The influence of the court being unlimited in Spain, no object deserves a closer examination from such as wish to be acquainted with the moral state of this country. I must, therefore, begin with a sketch of the main sources of that influence, carefully excluding every report which has reached me through any but the most respectable channels, or an absolute notoriety. The fountain-head of power and honours among us has, till lately, been the Queen, a daughter of the late Duke of Parma, a very ugly woman, now fast approaching old age, yet affecting youth and beauty. She had been but a short time married to the present King, then Prince of Asturias, when she discovered a strong propensity to gallantry, which the austere and jealous temper of her father-in-law Charles III. was scarcely able to check. Her husband, one of those happy beings born to derive bliss from ignorance, has ever preserved a strong and exclusive attachment to her person. This attachment, combined with a most ludicrous simplicity, closes his mind against every approach of suspicion.

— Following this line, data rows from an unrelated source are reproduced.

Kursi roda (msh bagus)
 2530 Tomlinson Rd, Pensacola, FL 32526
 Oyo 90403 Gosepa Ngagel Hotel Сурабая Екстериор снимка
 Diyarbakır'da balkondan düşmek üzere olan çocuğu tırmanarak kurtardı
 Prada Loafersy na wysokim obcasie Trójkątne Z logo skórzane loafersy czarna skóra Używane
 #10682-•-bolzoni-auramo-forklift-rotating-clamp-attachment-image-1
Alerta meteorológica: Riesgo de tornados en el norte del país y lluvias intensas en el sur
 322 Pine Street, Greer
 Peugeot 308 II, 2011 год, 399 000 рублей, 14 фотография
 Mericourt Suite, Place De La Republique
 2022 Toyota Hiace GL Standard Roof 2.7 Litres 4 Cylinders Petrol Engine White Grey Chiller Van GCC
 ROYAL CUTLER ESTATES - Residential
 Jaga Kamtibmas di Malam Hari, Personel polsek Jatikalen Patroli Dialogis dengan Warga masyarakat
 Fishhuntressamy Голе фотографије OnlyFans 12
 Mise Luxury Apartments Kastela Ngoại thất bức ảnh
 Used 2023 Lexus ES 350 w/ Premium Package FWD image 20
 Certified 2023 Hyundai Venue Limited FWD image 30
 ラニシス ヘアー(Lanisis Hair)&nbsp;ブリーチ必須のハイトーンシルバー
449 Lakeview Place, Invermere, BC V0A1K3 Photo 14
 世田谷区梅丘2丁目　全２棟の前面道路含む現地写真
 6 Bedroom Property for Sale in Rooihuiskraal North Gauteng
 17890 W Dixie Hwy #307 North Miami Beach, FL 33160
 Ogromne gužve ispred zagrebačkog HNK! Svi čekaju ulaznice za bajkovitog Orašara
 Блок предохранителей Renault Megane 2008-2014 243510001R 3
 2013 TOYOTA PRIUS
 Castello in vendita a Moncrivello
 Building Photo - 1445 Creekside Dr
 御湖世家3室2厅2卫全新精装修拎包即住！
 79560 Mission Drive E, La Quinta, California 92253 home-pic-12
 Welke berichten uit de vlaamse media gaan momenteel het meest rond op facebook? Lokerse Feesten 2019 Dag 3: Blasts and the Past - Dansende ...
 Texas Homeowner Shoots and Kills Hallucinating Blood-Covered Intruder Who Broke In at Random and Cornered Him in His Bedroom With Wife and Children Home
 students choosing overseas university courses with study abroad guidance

The first favourite of the Princess that awakened the King’s jealousy, was a gentleman of his son’s household, named Ortíz. Concerned for the honour of the Prince, no less than for the strictness of morals, which, from religious principles, he had anxiously preserved in his court; he issued an order, banishing Ortíz to one of the most distant provinces. The Princess, unable to bear this separation, and well acquainted with the character of her husband, engaged him to obtain the recall of Ortíz from the King. Scrupulously faithful to his promise, the young Prince watched the first opportunity to entreat his father’s favour, and falling upon his knees, asked the boon of Ortíz’s return, gravely and affectingly urging that “his wife Louisa was quite unhappy without him, as he used to amuse her amazingly.” The old King, surprised and provoked by this wonderful simplicity, turned his back upon the good-natured petitioner, exclaiming: Calla, tonto! Déxalo irse: Qué simple que eres! “Hold your tongue, booby! Let him go: What a simpleton thou art!”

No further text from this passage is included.